Records drawn from a dataset
========================================================================

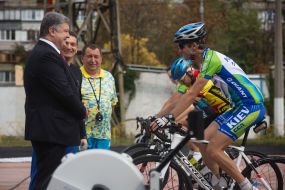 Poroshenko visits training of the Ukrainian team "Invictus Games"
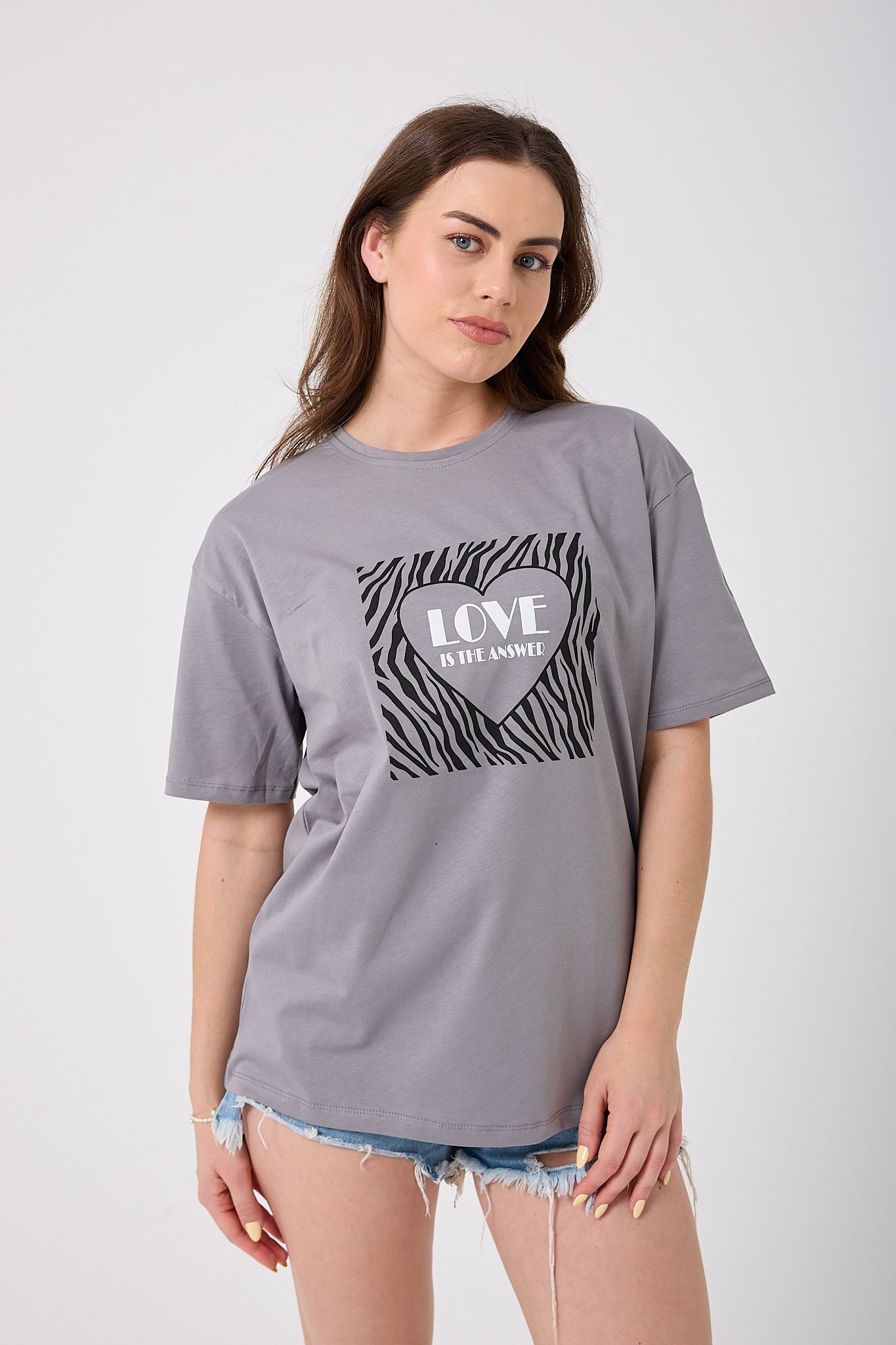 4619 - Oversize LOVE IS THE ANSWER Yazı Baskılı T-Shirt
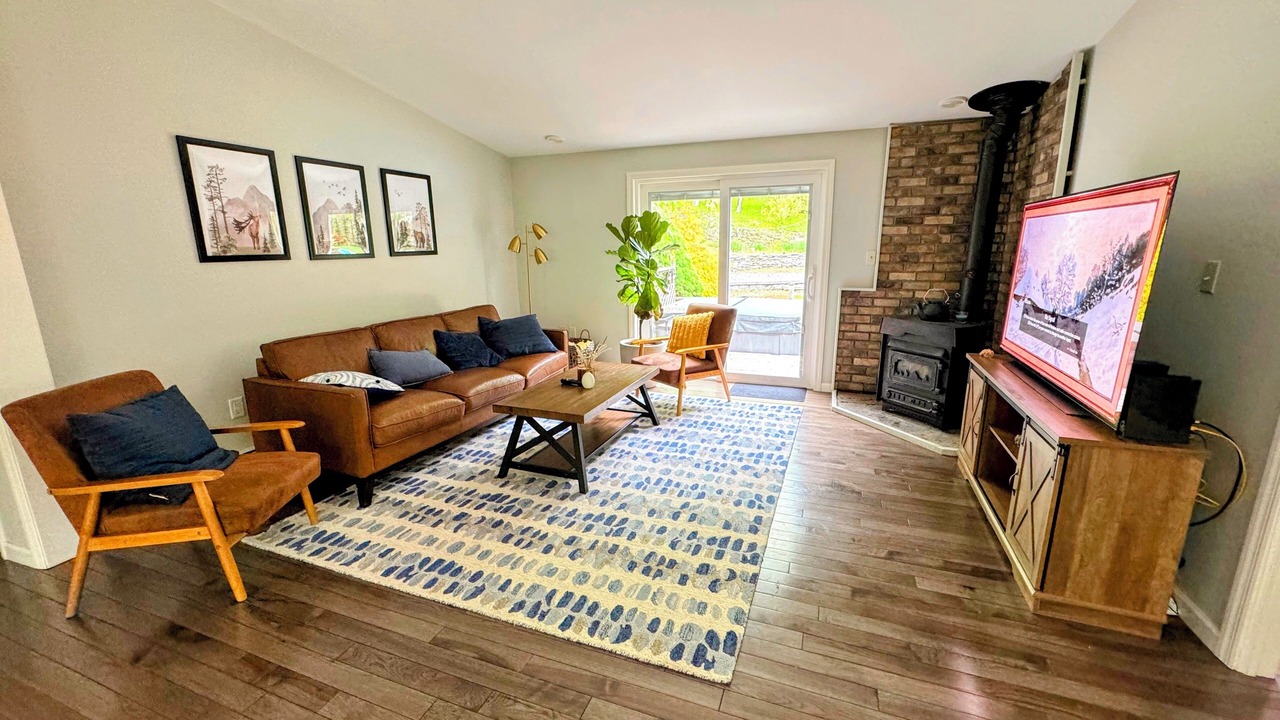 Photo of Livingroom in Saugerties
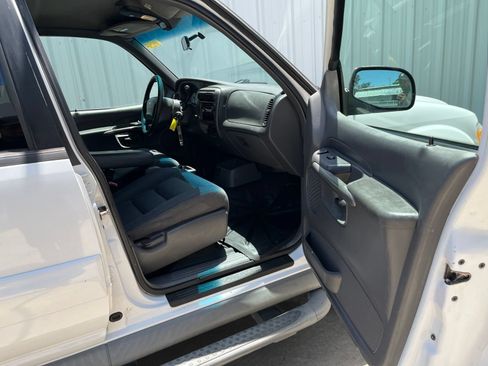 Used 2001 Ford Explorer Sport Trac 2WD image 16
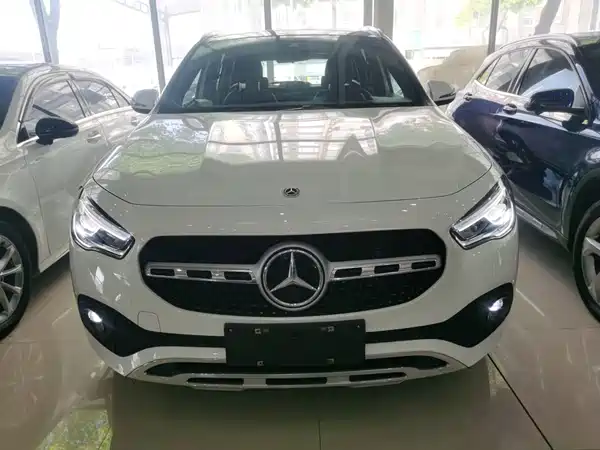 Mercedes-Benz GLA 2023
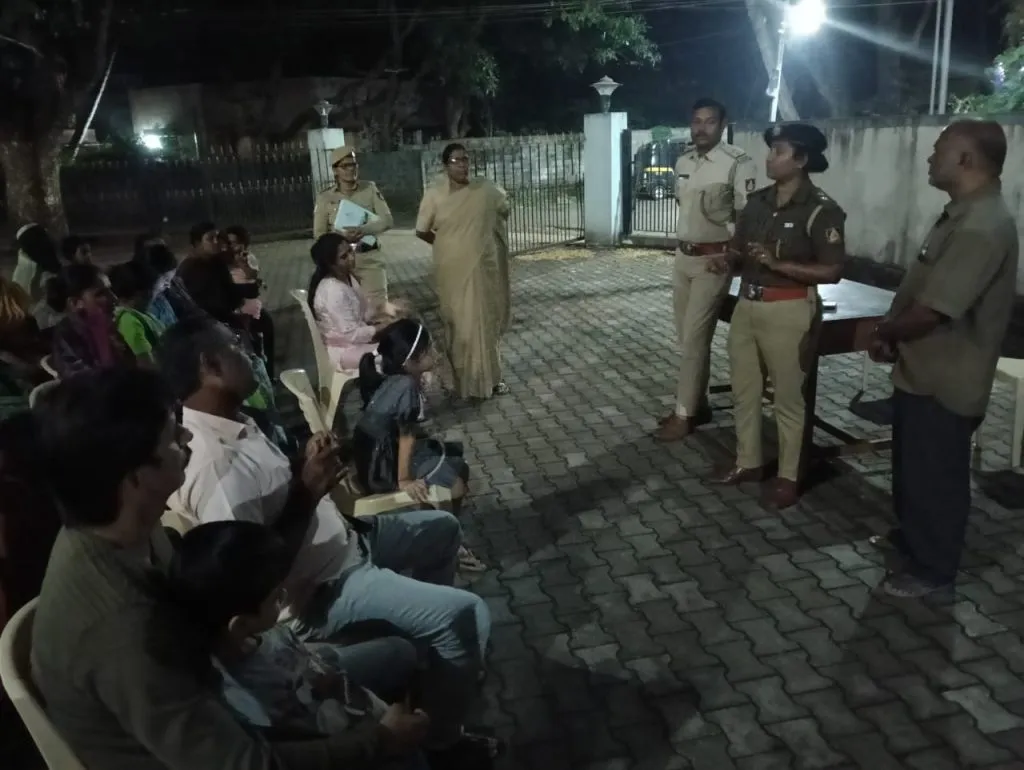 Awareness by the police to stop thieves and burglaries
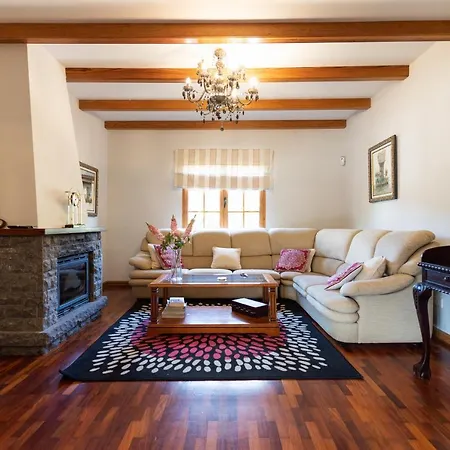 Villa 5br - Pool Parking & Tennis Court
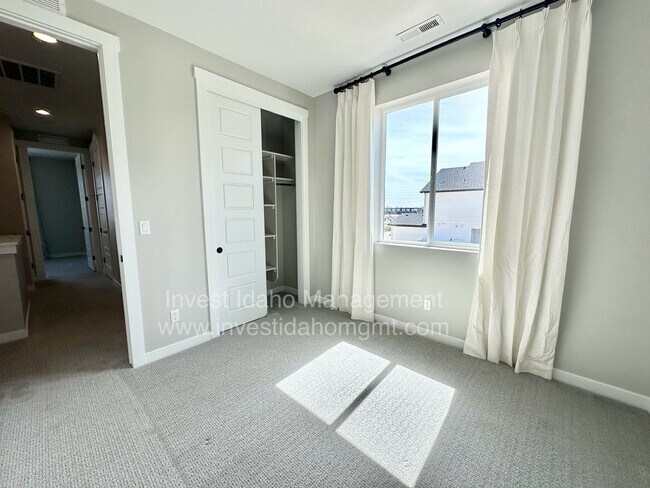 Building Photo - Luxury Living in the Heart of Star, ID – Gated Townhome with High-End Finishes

========================================================================

* [What needs to be done] The records above are to be restated word for word, excluding all pictures.

* [Response for this exercise]
 Poroshenko visits training of the Ukrainian team "Invictus Games"
 4619 - Oversize LOVE IS THE ANSWER Yazı Baskılı T-Shirt
 Photo of Livingroom in Saugerties
 Used 2001 Ford Explorer Sport Trac 2WD image 16
 Mercedes-Benz GLA 2023
 Awareness by the police to stop thieves and burglaries
 Villa 5br - Pool Parking & Tennis Court
 Building Photo - Luxury Living in the Heart of Star, ID – Gated Townhome with High-End Finishes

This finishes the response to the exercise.